• What this task involves
The pictures get left out, but everything else in the listing below must be duplicated exactly.
- - - -
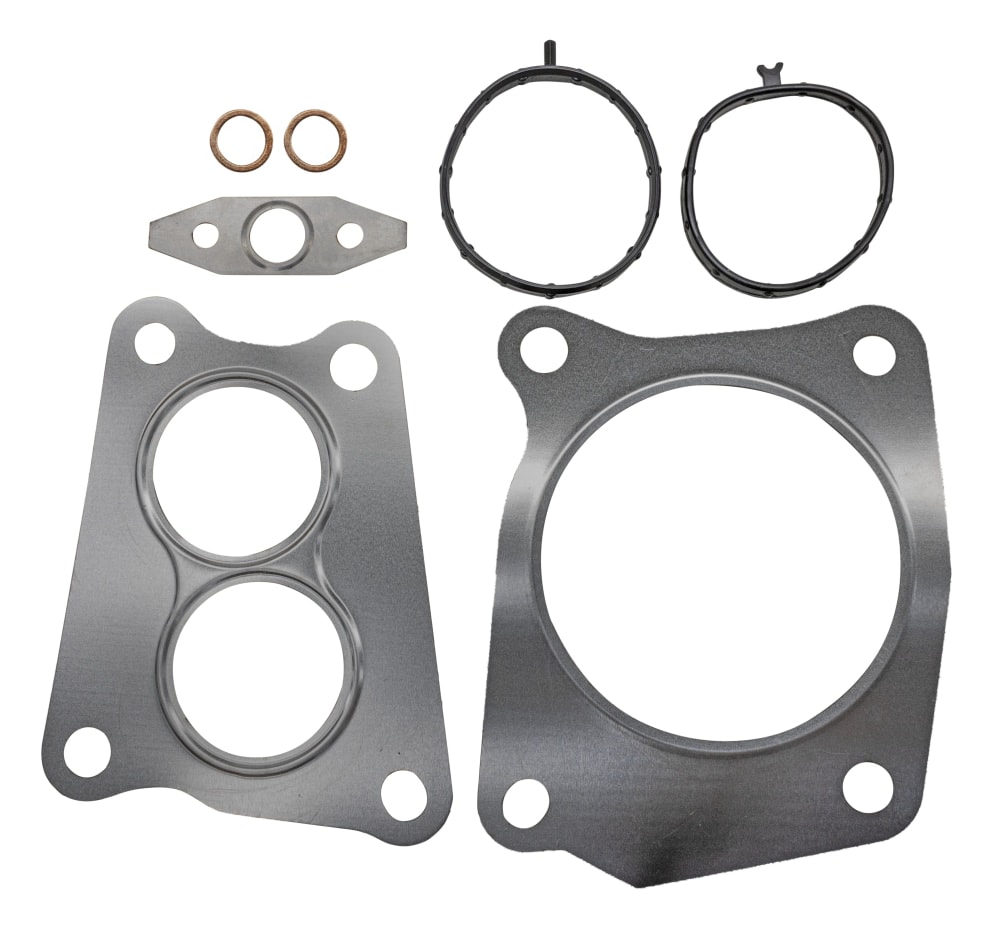 Ajusa Subaru Installation Kit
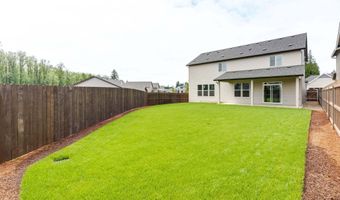 2801 NW 8th Ave, Battle Ground, WA 98604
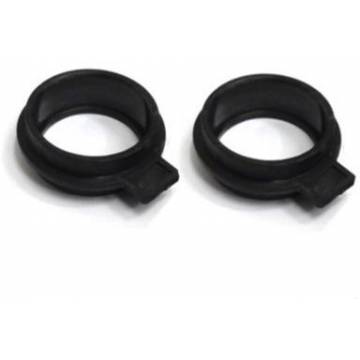 2xupper roller bushing font km1620 20502c920152 2c920150 2xupper roller bushing font km1620 20502c920152 2c920150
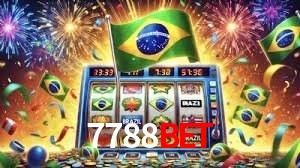 Live Casino 7788Bet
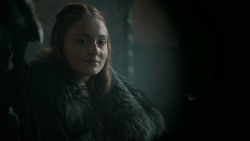 extant_GameOfThrones_6x10-TheWindsOfWinter_6564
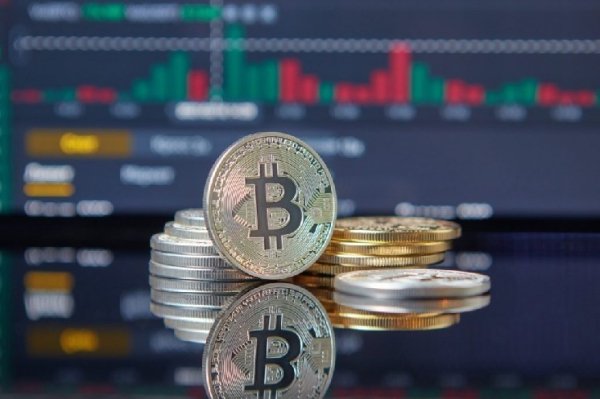 According to the Analysis Company, Bitcoin Price May Have Bottomed Out in November &ndash; What Will Happen Next?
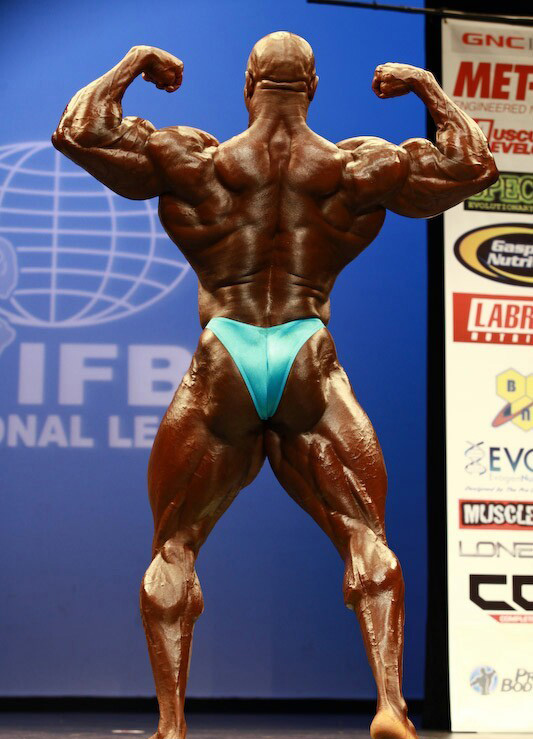 Нью-Йорк Про 2010, New York Pro, 8 мая 2010, Нью-Йорк, США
- - - -
• Expected output
 Ajusa Subaru Installation Kit
 2801 NW 8th Ave, Battle Ground, WA 98604
 2xupper roller bushing font km1620 20502c920152 2c920150 2xupper roller bushing font km1620 20502c920152 2c920150
 Live Casino 7788Bet
 extant_GameOfThrones_6x10-TheWindsOfWinter_6564
 According to the Analysis Company, Bitcoin Price May Have Bottomed Out in November &ndash; What Will Happen Next?
 Нью-Йорк Про 2010, New York Pro, 8 мая 2010, Нью-Йорк, США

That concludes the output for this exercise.